Object getCheckpointLock()：获取检查点同步锁。
void close()：关闭上下文环境。

ParallelSourceFunction

ParallelSourceFunction接口继承自SourceFunction接口，但并没有声明其他方法或字段。作为一个标记接口，它告诉Flink框架该source function可以并行执行。当不同实例执行不同task时，通过RichParallelSourceFunction获取运行环境，里面包含所有并行任务的个数和当前任务编号。

public interface ParallelSourceFunction<OUT> extends SourceFunction<OUT> {}

RichParallelSourceFunction

RichParallelSourceFunctionk抽象类继承自AbstractRichFunction抽象类，实现了ParallelSourceFunction接口，即RichFunction和SourceFunction的结合体。作为并行数据源的基类，既可以获取上下文信息，又提供管理函数声明周期的open和close方法。

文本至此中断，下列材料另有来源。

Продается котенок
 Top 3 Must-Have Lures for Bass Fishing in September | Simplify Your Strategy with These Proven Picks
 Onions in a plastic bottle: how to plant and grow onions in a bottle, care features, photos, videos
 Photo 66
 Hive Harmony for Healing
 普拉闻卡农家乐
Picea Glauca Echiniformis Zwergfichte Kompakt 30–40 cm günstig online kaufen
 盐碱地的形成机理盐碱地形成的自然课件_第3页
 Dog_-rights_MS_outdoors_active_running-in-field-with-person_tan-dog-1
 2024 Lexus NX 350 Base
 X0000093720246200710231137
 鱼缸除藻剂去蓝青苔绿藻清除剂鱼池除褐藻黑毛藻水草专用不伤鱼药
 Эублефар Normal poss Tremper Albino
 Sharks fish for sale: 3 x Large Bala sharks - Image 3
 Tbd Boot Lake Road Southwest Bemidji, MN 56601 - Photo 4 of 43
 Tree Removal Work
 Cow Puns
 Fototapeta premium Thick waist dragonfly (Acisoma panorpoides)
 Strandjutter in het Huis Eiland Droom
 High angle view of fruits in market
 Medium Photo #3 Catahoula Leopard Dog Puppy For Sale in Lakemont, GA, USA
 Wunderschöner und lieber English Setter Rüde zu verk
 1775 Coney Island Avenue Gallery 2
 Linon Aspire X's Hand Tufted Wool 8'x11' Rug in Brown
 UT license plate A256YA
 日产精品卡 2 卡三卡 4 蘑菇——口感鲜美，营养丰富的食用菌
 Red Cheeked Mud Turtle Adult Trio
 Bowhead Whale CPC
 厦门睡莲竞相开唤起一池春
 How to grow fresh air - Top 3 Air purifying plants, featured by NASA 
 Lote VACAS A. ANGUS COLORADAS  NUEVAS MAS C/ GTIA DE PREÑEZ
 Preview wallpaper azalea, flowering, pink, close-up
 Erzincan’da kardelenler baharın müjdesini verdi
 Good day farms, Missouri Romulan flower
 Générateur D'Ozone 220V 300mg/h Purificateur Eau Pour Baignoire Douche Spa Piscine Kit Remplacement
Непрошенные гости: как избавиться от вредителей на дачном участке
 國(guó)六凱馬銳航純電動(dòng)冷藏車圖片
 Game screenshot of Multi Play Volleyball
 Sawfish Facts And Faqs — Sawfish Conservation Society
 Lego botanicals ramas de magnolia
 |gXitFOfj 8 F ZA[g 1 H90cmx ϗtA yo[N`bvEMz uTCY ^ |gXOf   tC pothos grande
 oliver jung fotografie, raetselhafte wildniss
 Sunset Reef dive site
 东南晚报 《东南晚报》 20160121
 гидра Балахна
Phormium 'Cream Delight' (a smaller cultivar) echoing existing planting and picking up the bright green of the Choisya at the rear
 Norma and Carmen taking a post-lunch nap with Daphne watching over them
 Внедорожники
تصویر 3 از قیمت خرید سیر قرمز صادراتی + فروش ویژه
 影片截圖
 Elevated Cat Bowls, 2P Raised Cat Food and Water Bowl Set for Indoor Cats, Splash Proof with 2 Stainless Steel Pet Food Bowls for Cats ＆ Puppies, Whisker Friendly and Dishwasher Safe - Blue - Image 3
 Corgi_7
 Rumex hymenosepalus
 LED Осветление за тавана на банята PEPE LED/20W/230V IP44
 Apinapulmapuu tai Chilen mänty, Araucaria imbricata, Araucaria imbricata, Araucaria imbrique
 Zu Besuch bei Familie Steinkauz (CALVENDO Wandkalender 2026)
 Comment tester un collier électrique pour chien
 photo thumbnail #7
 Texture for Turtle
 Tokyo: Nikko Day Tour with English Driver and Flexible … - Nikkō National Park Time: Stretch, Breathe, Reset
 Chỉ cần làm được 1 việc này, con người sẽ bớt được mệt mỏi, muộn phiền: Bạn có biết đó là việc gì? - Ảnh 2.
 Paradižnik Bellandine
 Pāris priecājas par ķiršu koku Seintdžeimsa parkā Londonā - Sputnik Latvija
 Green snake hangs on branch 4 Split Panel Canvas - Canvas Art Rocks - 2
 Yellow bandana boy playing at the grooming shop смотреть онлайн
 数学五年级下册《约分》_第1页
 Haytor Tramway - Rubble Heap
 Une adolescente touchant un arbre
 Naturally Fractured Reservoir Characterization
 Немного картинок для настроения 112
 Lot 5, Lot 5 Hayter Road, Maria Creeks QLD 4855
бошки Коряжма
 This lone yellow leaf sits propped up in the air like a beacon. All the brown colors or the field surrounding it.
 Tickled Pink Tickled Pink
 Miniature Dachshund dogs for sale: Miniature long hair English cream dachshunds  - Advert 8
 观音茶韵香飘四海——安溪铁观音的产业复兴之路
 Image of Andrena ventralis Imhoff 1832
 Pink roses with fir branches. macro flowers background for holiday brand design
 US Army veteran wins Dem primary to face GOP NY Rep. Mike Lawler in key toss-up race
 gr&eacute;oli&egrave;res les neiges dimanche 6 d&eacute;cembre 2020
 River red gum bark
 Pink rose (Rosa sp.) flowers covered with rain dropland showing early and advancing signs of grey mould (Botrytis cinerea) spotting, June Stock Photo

public abstract class RichParallelSourceFunction<OUT> extends AbstractRichFunction
    implements ParallelSourceFunction<OUT> {

  private static final long serialVersionUID = 1L;
}

InputFormatSourceFunction

到目前为止，除了RichParallelSourceFunction干了点小事外，其他涉及的接口、抽象类都没干啥事。作为混血儿抽象类RichParallelSourceFunction的子类，InputFormatSourceFunction总算开始干活了(实现接口方法)。

类如其名，InputFormatSourceFunction通过InputFormat来实现数据读取，具体地，它声明了如下几个私有字段：

private TypeInformation<OUT> typeInfo;
private transient TypeSerializer<OUT> serializer;
private InputFormat<OUT, InputSplit> format;
private transient InputSplitProvider provider;
private transient Iterator<InputSplit> splitIterator;
private volatile boolean isRunning = true;

由于InputFormatSourceFunction兼具了RichFunction和SourceFunction接口，现在要实现它们声明的方法。对于RichFunction部分，需要实现open和close方法：

public void open(Configuration parameters) throws Exception {
  StreamingRuntimeContext context = (StreamingRuntimeContext) getRuntimeContext();

  if (format instanceof RichInputFormat) {
    ((RichInputFormat) format).setRuntimeContext(context);
  }
  format.configure(parameters);

  provider = context.getInputSplitProvider();
  serializer = typeInfo.createSerializer(getRuntimeContext().getExecutionConfig());
  splitIterator = getInputSplits();
  isRunning = splitIterator.hasNext();
}

public void close() throws Exception {
  format.close();
  if (format instanceof RichInputFormat) {
    ((RichInputFormat) format).closeInputFormat();
  }
}

由于是借助于InputFormat实现数据读取功能，因此在open方法里面是进行format的初始化配置(调用format.configure(parameters)，参数类型也刚好是Configuration，都是设计好😏)，接着初始化其他字段。同样地，在close方法调用的也是format.close()。这里要注意在open和close中，通过instanceof检查format是否为RichInputFormat，如果是的话还要在分别调用setRuntimeContext(不是openInputFormat)和closeInputFormat()方法。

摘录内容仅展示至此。